Ключевое слово текста — занавес. Оно повторено десять раз, а кроме того, вынесено и в заглавие. Занавес дан только в двух падежах, первых и главных в любой школьной грамматике — именительном и родительном. Но он выходит за собственные пределы. Он продолжен зарослями (5), библейской завесой (15), словом зёрн (14), наконец знаменем (30). «Склонение» занавеса переступает границы именной парадигмы (тот же прием, что и в «Поэме Горы» — ср. Фарино, 1973, с. 166). Как бы вариантами занавеса оказываются глаголы — протяженные, тяжкие, содрогающиеся: загор'aживаю (11, 22), завор'aживаю (12), загот'aвливайте (26).

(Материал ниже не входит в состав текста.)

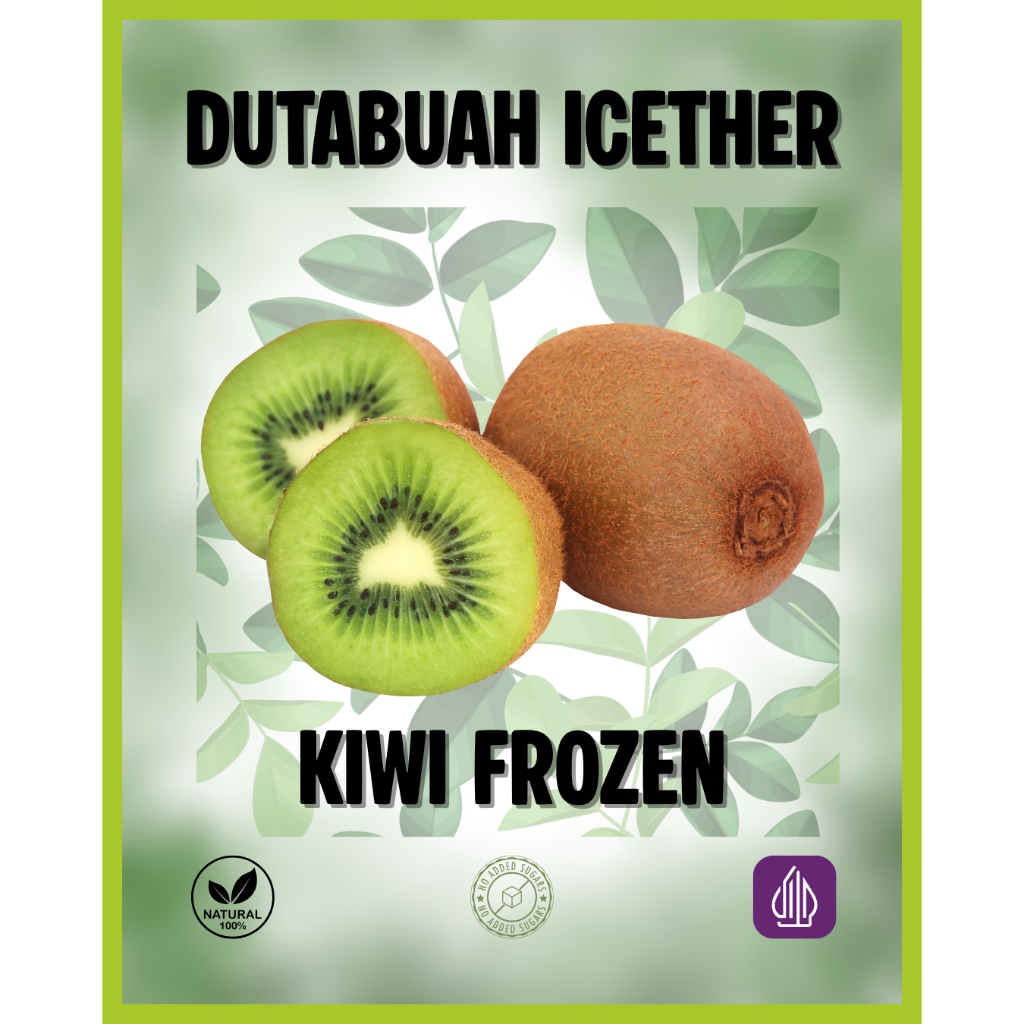 

Kiwi ChillBite – Buah Kiwi Frozen Asli | Tanpa Gula & Pengawet | dutabuahicether | Bandung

Они начинаются с того же слога (префикса) и подхватывают ту же тему границы, напряженного, чреватого возможностями ожидания. При этом они создают айкон занавеса; впрочем, все стихотворение — вертикальное, прямоугольное, «провисающее», колеблющееся бесконечными скобками и тире — отчасти есть айкон. Русский язык устроен так, что в то же фонетическое и семантическое поле, что занавес, попадают слова зал (6, 11, 12, 31), зала (32), знал (10) и зритель (28); нелишне вспомнить здесь и слово заглавие. Стихотворение пронизано слогом за (предлог за дан в строке 15): искусство для Цветаевой — то, что находится за, по ту сторону; что со-причастно иному, внечеловеческому и бесчеловечному (ср. в «Поэме Конца»: «— За городом! Понимаешь? З'a!»). За (или з) оказывается фонематической и/или морфологической метафорой театра., искусства, знания.